In Europe, Platform Workers Are Winning Limited Protections
Across Europe, platform workers have won a series of court cases ruling that they are employees, not self-employed. Moves for new EU-wide legislation have faced serious resistance from lobbyists but now look set to deliver some new protections.

Gig workers demonstrate outside near the European Union headquarters in Brussels, Belgium, on November 8, 2023. (Thierry Monasse / Getty Images)
As the European Parliament heads toward fresh elections in June, there’s one unresolved file on the desk of Brussels’s politicians and technocrats. The European Union (EU) Platform Work Directive, an attempt to establish a unified set of labor standards for workers on digital platforms like Uber and Deliveroo, has turned out to be a thorny issue.
The EU’s various institutions have been banging heads over platform work regulation for years now, unable to bridge conflicting interests and ideologies. If passed, the Platform Work Directive would establish a whole set of new rights relating to algorithmic management. But the dividing line over the directive has centered on whether the EU should consider food-delivery couriers, private-hire drivers and other app-based, on-demand workers to be employees rather than independent contractors.

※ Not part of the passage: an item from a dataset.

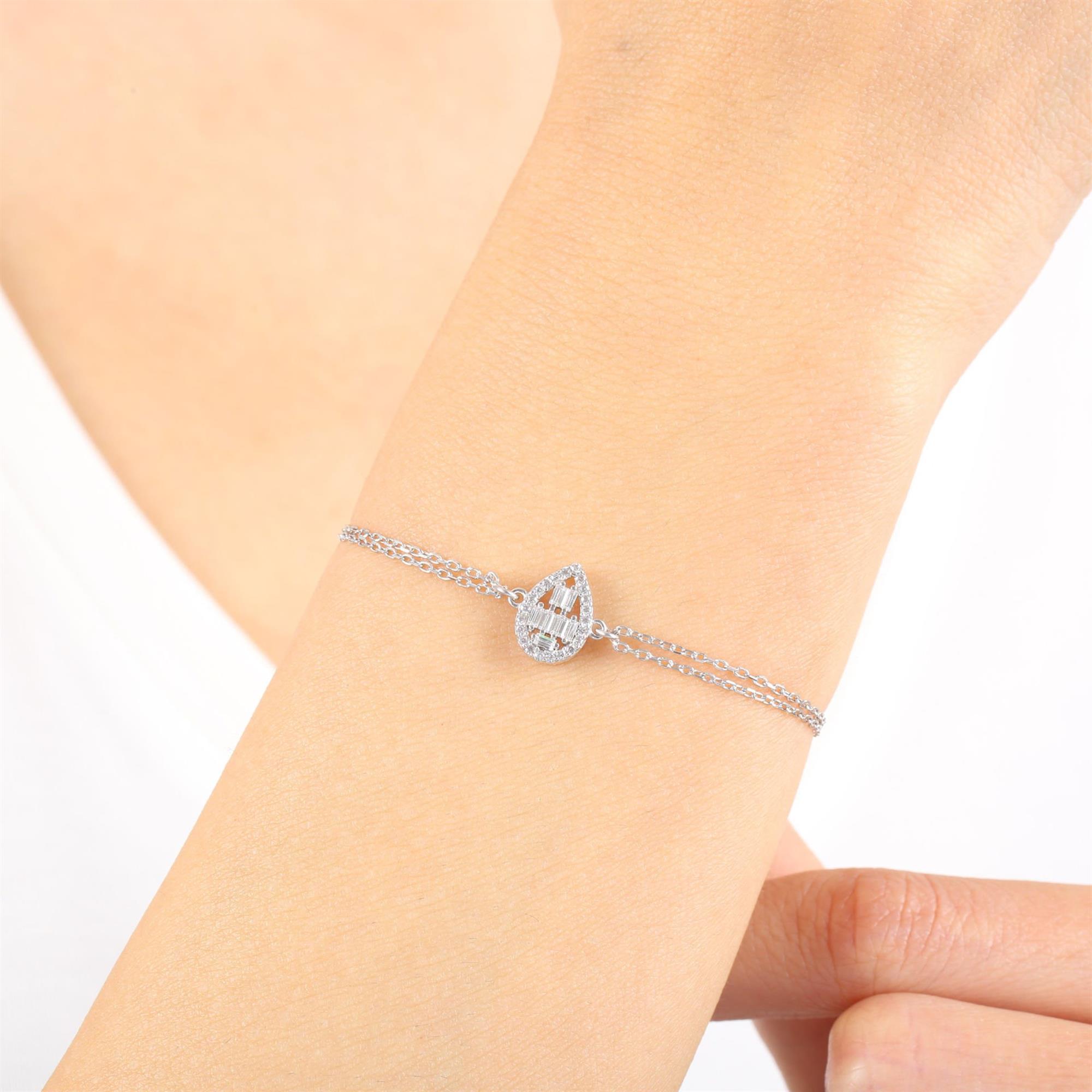 dainty sparkle jewelry for women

The stakes are high. Most platforms — almost all of which still register losses, despite investors’ growing demands for financial sustainability — see their business model under threat from reforms that could see their labor costs rising approximately 20–30 percent. The extra bill owes to benefits like sick leave, various tax implications, and the requirement to pay employees for waiting time at work. But for many platform workers hired as if they were self-employed, the cost they have long been paying in terms of poverty pay and job insecurity is itself untenable.